Exercise: Pictures must not appear in the copy. Set down exactly the line with "Plaid Love Heart" and each line after it through the end of the data below.

----- Material provided -----

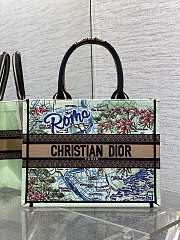Kitlife Dior Souvenir Medium White & Green Natural Raffia And Multicolor Book Tote 36x18x28cm - 1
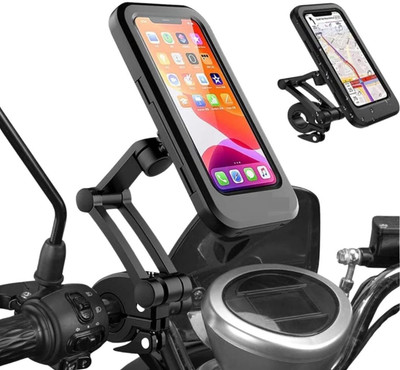 FwellT Waterproof Phone Holder 360° Adjustable Rotation for Bike/Cycle Up To 7 inches Bike Mobile Holder(Black)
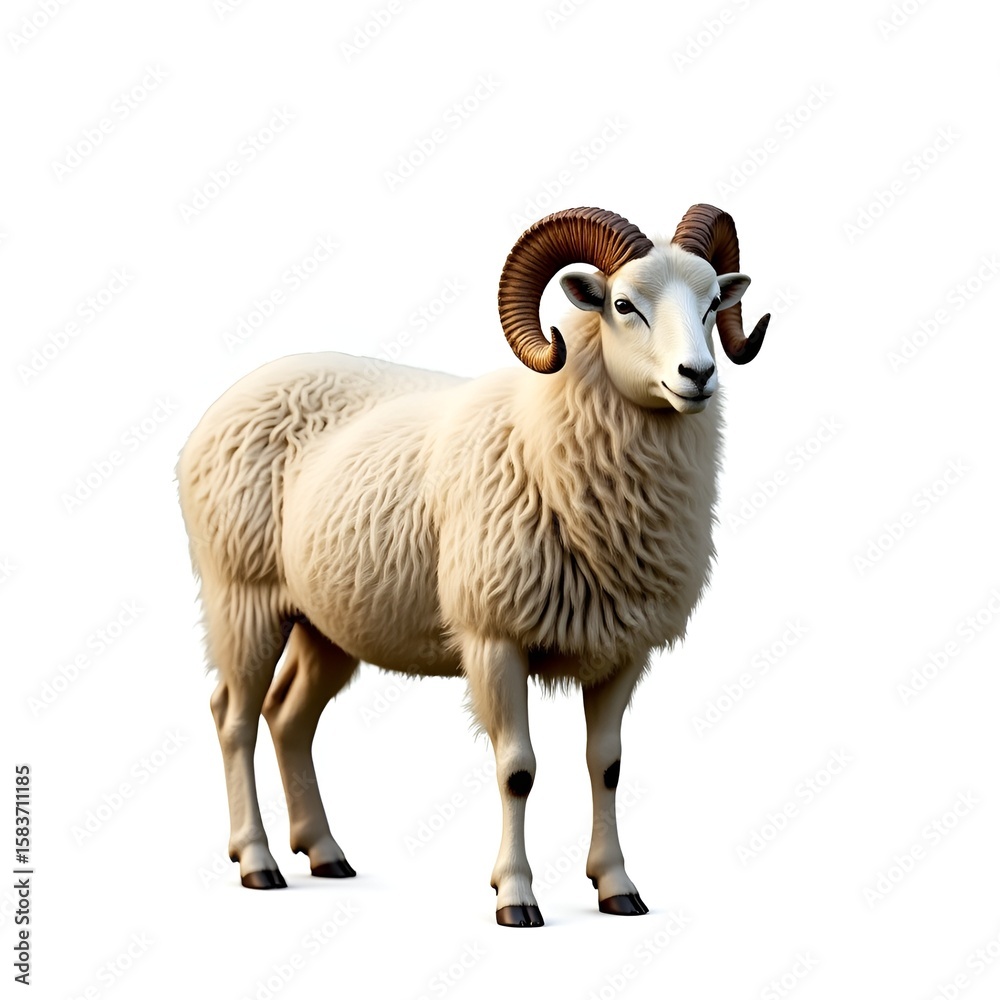 Fototapeta premium Male sheep ram full body portrait on white background, Eid al-Adha sacrifice animal, livestock photo, strong horns sheep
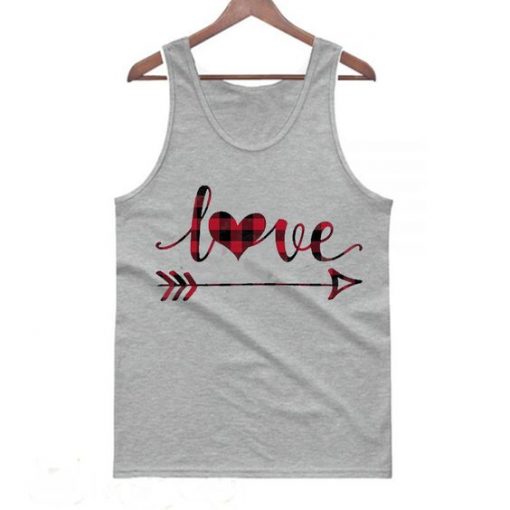 Plaid Love Heart and Arrow Valentine's Day Tanktop ZNF08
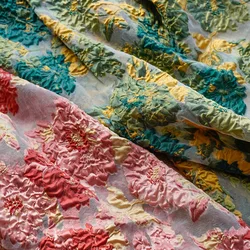 Yarn Dyed Large Flowers Embossed Jacquard Fabric Women's Spring and Summer New Dress Fabric 50cmx140cm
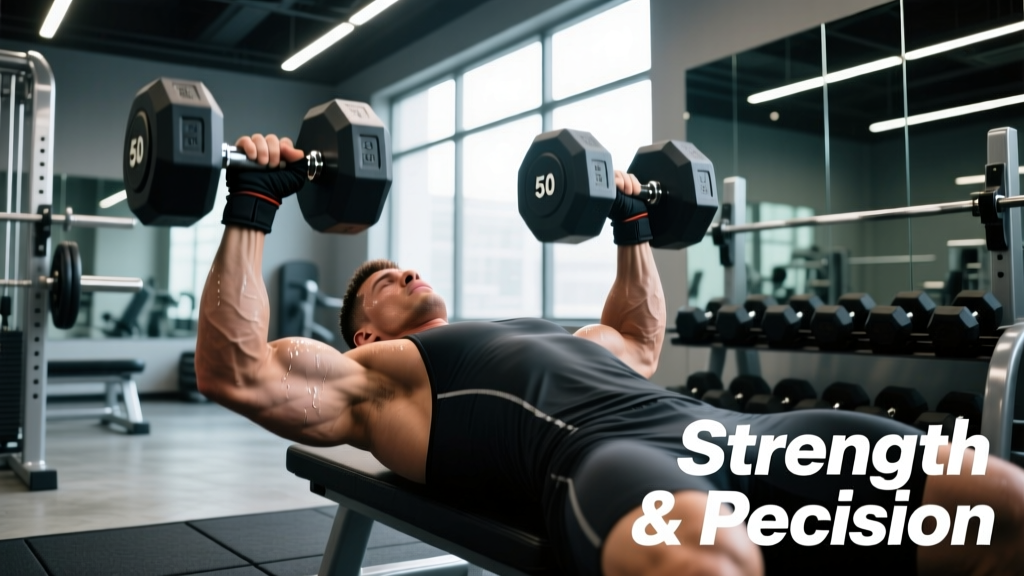 Lifter performing dumbbell bench press on a flat bench with two 50-pound hex dumbbells in a commercial gym setting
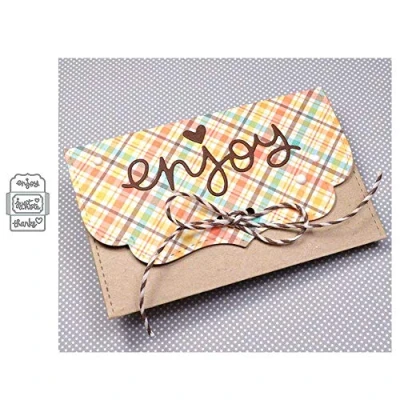 Afbeelding van YunTrip Snijmallen voor het maken van kaarten, metaal, sjabloon, envelopframe, 15x11cm, zilver
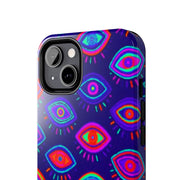 Trippy Neon Evil Eye Protective Tough Phone Case LavenderCeleste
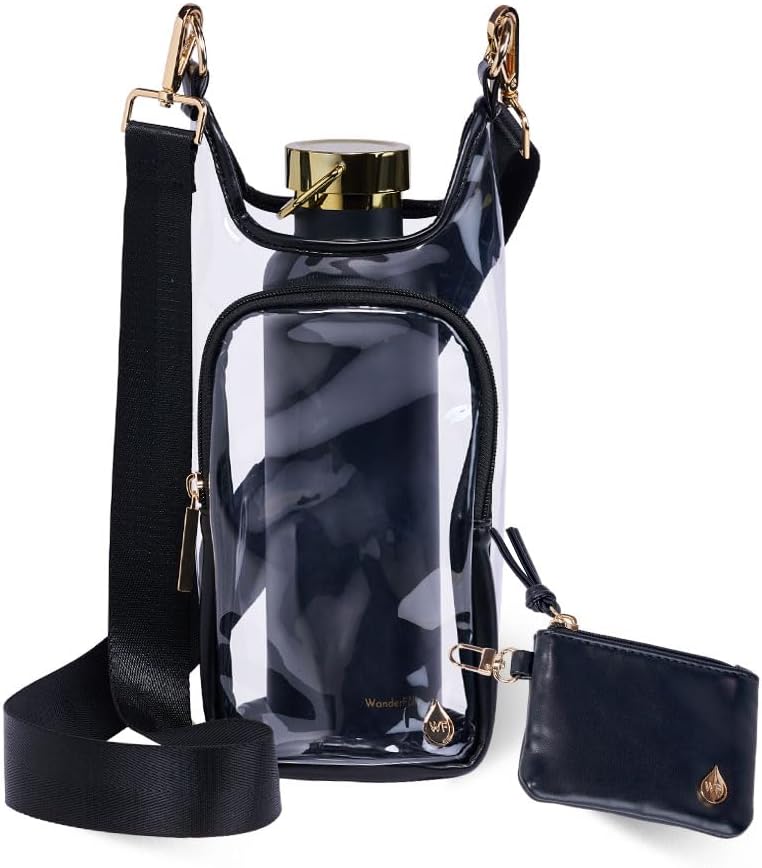 The Wander Full Brand Clear Stadium HydroBag Black features black trim, a black adjustable strap, and a gold zipper. Inside, a black water bottle with a gold lid fits securely in the built-in holder. A small black zippered pouch with a gold emblem is attached to this crossbody hydrobag.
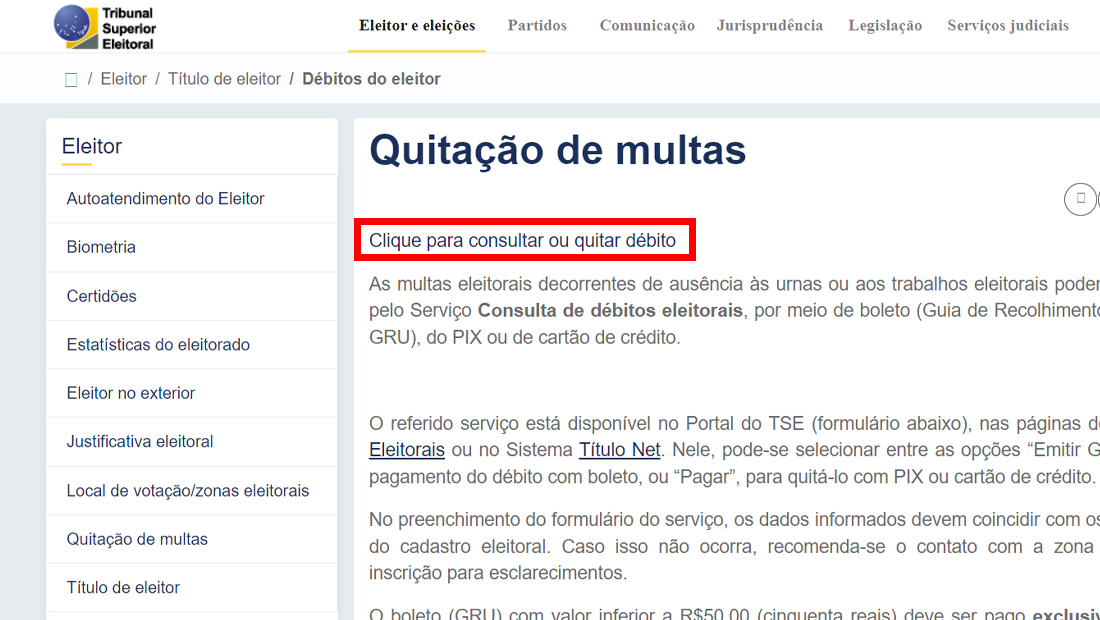 Aprenda como pagar multa do TSE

-----

Response area:
 Plaid Love Heart and Arrow Valentine's Day Tanktop ZNF08
 Yarn Dyed Large Flowers Embossed Jacquard Fabric Women's Spring and Summer New Dress Fabric 50cmx140cm
 Lifter performing dumbbell bench press on a flat bench with two 50-pound hex dumbbells in a commercial gym setting
 Afbeelding van YunTrip Snijmallen voor het maken van kaarten, metaal, sjabloon, envelopframe, 15x11cm, zilver
 Trippy Neon Evil Eye Protective Tough Phone Case LavenderCeleste
 The Wander Full Brand Clear Stadium HydroBag Black features black trim, a black adjustable strap, and a gold zipper. Inside, a black water bottle with a gold lid fits securely in the built-in holder. A small black zippered pouch with a gold emblem is attached to this crossbody hydrobag.
 Aprenda como pagar multa do TSE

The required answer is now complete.